Tuesday, January 31, 2023

I can outrun a bad diet, right?

Calories in equals calories out is what I've understood to be the way to lose weight.  Seems simple enough, nope.  A calorie isn't just isn't a calorie and a bad diet will undo whatever amount of exercise I've done.  

I've been thinking a lot about this for a very very long time.  When I was younger I could eat anything and everything I wanted and in massive quantities.  I was growing, developing and I needed this amount of energy in my diet.  As I've aged my body has changed but my diet hasn't.  I've come to the realization that I've been poisoning my body for a very long time because a "calories in equals calories out" equation is flawed.  
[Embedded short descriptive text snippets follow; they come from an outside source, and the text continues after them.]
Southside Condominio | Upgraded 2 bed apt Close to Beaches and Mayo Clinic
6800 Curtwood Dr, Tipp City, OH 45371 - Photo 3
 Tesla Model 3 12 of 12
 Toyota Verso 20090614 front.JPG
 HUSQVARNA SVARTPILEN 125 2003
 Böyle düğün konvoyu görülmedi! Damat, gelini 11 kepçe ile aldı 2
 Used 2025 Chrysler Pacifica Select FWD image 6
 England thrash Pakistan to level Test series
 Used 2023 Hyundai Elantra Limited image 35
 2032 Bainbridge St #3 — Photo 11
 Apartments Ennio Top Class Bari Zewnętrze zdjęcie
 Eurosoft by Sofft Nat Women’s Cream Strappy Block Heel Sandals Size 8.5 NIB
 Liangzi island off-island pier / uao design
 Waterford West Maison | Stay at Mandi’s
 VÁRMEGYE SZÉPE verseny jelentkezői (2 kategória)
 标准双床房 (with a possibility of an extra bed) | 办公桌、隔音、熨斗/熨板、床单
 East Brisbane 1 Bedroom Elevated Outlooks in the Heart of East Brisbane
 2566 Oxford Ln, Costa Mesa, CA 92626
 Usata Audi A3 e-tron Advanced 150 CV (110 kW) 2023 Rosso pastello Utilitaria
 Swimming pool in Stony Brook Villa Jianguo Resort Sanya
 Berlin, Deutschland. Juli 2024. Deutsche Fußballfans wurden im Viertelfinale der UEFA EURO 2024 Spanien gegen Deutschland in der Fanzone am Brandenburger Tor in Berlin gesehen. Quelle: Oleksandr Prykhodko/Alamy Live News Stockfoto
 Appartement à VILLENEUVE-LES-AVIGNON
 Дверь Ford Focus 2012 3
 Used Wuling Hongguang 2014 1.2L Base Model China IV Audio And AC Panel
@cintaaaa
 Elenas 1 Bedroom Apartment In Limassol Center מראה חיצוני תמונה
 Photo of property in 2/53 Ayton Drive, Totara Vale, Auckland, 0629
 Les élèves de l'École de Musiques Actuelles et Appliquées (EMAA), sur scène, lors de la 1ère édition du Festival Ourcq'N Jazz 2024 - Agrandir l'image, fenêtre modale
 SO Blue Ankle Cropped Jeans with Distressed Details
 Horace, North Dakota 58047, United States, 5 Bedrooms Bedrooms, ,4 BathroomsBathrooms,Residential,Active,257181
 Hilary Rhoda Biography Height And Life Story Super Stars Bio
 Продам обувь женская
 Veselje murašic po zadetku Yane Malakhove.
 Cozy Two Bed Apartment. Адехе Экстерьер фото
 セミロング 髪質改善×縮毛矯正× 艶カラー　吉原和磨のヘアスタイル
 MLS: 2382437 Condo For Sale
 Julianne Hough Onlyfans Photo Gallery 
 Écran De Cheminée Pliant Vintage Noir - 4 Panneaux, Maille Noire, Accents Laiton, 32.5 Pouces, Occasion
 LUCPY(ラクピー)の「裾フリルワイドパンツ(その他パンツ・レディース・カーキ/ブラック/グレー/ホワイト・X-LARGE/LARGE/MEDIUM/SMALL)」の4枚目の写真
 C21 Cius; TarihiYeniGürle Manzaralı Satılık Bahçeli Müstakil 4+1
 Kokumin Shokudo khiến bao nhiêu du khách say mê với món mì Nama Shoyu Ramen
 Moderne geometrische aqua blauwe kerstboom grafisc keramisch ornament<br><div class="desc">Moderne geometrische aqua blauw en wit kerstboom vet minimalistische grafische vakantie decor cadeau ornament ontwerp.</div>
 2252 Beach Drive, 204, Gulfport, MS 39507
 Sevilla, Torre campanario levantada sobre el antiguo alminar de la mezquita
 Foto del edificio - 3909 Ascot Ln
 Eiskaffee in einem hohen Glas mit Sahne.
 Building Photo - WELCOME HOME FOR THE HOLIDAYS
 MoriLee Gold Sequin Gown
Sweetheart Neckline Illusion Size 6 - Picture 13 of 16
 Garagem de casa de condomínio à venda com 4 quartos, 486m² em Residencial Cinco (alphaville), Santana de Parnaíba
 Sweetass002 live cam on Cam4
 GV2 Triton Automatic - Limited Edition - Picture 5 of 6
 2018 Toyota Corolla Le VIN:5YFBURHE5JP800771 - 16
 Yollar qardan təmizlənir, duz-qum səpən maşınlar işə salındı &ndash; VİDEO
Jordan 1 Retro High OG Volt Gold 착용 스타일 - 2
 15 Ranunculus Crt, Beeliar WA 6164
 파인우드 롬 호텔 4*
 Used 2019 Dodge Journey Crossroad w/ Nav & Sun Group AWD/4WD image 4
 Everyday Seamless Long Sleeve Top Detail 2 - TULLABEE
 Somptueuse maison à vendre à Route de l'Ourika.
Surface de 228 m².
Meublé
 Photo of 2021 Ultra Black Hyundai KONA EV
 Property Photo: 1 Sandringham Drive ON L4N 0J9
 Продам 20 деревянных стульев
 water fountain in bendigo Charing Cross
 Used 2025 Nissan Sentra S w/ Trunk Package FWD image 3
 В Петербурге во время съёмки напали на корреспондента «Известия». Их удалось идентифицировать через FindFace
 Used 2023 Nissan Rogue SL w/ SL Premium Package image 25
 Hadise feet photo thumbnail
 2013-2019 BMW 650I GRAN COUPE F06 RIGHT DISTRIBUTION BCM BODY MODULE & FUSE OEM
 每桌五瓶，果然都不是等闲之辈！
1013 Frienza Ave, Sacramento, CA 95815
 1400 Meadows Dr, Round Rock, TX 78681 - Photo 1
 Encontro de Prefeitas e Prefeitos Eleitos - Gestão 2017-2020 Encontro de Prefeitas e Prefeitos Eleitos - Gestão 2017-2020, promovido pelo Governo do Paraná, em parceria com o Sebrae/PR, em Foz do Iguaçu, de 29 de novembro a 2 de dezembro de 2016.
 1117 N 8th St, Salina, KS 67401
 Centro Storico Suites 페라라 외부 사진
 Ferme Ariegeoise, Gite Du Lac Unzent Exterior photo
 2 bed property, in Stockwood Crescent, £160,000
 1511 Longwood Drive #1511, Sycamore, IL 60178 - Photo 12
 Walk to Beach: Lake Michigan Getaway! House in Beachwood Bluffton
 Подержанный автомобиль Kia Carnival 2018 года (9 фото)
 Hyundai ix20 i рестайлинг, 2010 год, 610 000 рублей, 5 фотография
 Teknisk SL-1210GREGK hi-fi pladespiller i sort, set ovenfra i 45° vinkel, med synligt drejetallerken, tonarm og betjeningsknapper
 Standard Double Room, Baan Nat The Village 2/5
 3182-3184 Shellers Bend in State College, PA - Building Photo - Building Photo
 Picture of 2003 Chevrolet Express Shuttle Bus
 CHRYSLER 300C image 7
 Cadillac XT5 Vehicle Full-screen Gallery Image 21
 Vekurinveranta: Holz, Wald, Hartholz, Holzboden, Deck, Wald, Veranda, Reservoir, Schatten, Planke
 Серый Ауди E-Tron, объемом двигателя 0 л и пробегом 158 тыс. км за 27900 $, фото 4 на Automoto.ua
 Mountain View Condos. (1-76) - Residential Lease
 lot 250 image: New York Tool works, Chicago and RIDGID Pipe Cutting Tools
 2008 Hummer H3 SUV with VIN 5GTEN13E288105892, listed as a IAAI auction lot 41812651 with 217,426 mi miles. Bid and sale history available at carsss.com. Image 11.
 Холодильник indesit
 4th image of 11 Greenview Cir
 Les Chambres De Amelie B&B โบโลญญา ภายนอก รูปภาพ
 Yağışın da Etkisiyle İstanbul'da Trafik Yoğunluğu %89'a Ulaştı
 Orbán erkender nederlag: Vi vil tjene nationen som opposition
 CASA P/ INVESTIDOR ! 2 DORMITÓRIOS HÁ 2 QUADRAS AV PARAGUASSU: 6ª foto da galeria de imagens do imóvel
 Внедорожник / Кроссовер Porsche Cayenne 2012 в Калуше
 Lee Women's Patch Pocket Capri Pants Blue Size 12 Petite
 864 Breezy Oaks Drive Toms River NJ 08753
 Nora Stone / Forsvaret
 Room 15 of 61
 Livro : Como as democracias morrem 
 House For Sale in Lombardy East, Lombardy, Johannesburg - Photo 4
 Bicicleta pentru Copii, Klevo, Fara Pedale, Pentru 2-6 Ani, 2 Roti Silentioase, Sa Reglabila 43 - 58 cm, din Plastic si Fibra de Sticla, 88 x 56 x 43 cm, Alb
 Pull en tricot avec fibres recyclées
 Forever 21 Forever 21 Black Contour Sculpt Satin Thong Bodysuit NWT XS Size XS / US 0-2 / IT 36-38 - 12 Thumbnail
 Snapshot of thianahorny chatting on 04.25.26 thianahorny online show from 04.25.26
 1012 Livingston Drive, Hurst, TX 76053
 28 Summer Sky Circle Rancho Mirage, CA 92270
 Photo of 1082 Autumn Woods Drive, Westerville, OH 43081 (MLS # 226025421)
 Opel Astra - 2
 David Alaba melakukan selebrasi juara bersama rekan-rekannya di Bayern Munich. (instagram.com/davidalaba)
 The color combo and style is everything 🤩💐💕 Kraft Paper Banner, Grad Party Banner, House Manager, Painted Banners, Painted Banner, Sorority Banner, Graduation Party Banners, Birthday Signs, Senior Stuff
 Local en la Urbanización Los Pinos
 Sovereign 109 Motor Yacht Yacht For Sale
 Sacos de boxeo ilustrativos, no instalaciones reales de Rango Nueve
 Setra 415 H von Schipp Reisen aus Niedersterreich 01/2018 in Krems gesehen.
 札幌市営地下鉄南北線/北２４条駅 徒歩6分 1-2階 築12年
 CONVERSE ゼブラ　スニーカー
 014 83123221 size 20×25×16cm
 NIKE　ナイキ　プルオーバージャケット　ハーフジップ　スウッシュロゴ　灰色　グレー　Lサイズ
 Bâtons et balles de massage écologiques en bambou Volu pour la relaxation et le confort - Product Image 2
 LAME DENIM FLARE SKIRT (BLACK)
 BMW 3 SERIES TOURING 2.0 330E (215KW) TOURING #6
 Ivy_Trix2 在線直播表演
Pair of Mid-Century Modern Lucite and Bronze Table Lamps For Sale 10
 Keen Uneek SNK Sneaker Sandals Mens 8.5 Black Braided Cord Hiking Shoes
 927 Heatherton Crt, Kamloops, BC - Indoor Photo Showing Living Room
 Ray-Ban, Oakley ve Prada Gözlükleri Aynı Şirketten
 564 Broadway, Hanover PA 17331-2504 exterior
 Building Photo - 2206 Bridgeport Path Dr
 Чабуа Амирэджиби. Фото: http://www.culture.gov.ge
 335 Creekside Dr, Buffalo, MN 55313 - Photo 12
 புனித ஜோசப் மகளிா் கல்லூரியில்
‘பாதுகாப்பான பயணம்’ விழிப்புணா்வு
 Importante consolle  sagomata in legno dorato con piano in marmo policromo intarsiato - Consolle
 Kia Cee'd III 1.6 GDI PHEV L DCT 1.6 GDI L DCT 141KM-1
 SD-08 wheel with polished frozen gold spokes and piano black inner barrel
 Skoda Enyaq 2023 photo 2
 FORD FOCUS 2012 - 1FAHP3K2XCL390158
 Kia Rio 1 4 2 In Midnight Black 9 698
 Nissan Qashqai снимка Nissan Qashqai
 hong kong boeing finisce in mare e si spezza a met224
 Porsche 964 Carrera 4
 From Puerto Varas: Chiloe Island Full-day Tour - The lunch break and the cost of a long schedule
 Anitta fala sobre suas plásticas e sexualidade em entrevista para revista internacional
Let me explain. It’s true that all calories have the same amount of energy. One dietary calorie contains 4,184 Joules of energy. In that respect, a calorie is a calorie. I could eat 1,000 calories worth of cotton candy and 1,000 calories of steak.  So if they produce the same amount of Joules energy my body should treat them the same, right?

Protein calories are less fattening than calories from carbs and fat, because protein takes more energy to metabolize. Whole foods also require more energy to digest than processed foods.  Increased protein can lead to drastically reduced appetite and cause automatic weight loss without the need for calorie counting or portion control.

So a calorie isn't just a calorie when for years I believed they were. I can't excessive my way to health if I'm eating a diet high in fructose and added sugar.  The sustainable changes to my diet with the addition of regular exercise is a much more potent formula to health and the traditional "calorie in equals calories out" one.  

It gets me to thinking about the why?  Why have we been taught that this is the answer to getting healthy Vs improving our diet with less processed foods and limiting the amount of sugar we eat?  

The only thing I can boil it to down to is corporate profits/greed.  Multinational food corporations have systematically changed our diets so they can make more profits. Sugar, salt and fat are extremely cheap ingredients to add to thier highly processed foods.  Not only this but they are extremely addicting to our human brains.  They re wire our brains so slowly that we don't even notice the detrimental effects they're having until we get to the point of obesity and type 2 diabetes.  

I've pulled back the curtains and I'm astonished with what's been hiding behind them.  Now that I can see clearly for the first time my focus is lazer sharp.